The better frame is institutional incompetence and accountability. Doctors are misdiagnosing women at measurable, documented rates. Patients are being harmed. In some cases, they're dying. That's a quality control failure in an industry that answers to licensing boards, hospital administrators, and malpractice law.
Conservative media largely ignores this story, which is its own failure. If government-funded research systematically excluded half the population from studies for decades, that's exactly the kind of institutional dysfunction conservatives should be examining.
The HRT Case Study Shows How Bad Science Gets Weaponized
Harvard Medicine Magazine's coverage of Dr. Comen's work highlights the hormone replacement therapy (HRT) saga as a perfect example of how badly this can go. By the mid-1990s, up to 40% of menopausal American women were on HRT. Doctors told them it prevented heart disease and dementia.
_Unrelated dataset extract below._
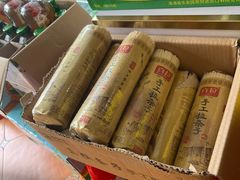 -雪莲美食(文锦渡店)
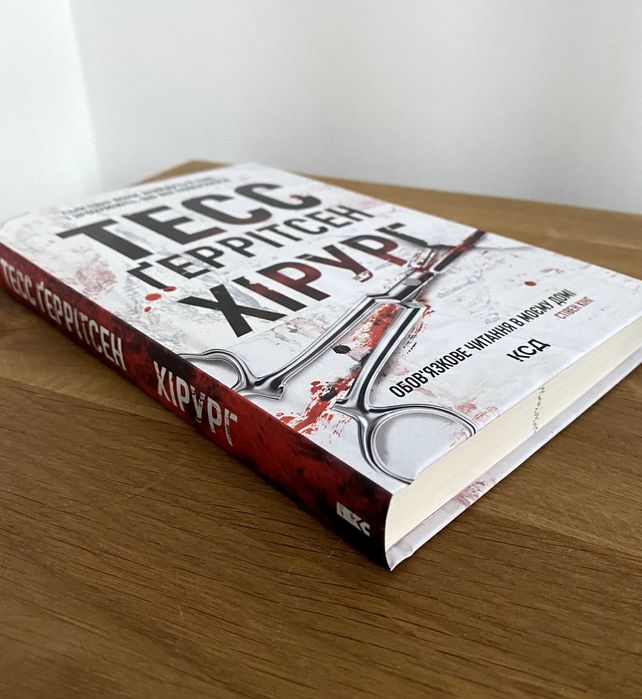 Хірург / Тесс Ґеррітсен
Then a 2002 Women's Health Initiative study showed prolonged HRT increased risk of heart disease, stroke, and breast cancer. Prescriptions collapsed. Today under 5% of menopausal American women take HRT.
The problem? The 2002 study has widely been considered flawed. But the correction never came with the same force as the scare. Women who might benefit from HRT aren't getting it because a bad study caused a panic that nobody fully walked back.
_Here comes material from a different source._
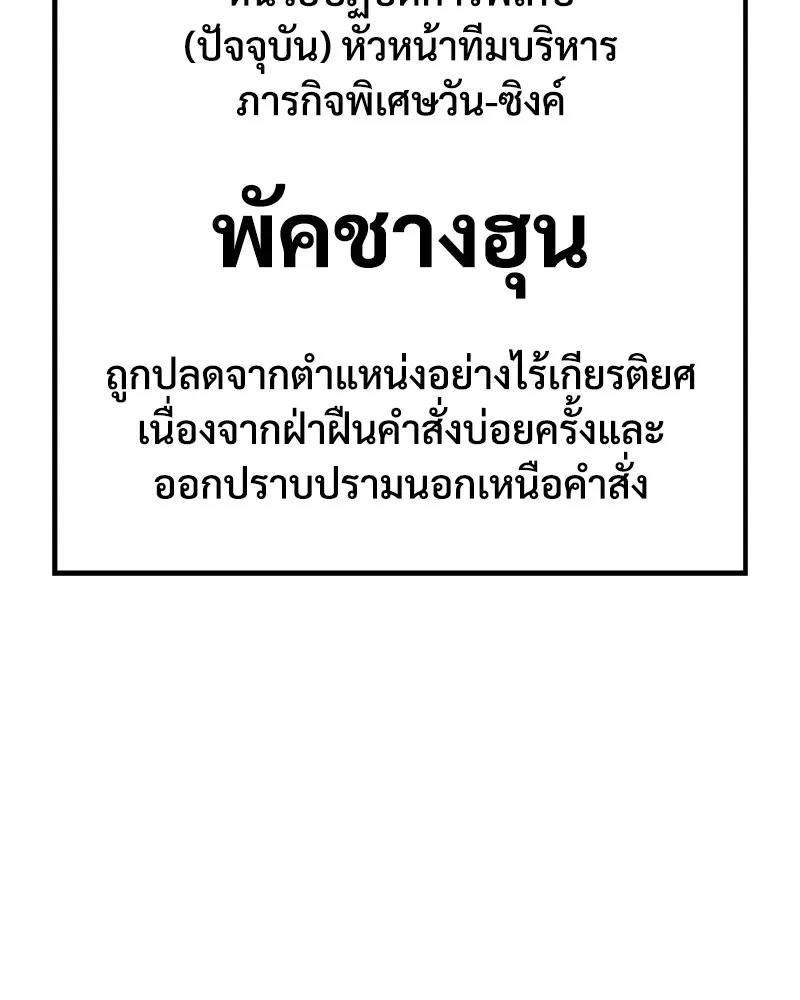 แบคXX ตอนที่ 15 รูปที่ 38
This is a science communication failure with real health consequences for millions of women.
What Needs to Happen
What's needed is better research design that doesn't default to male subjects, accountability for clinicians who repeatedly dismiss serious symptoms, and patients — men and women — knowing they have the right to push back and seek second opinions.
The medical system is not designed to harm women. But it is producing harmful outcomes. Those are different problems with different solutions — and conflating them for political points, from either direction, just delays the fix.
Women deserve competent medicine. That shouldn't be controversial.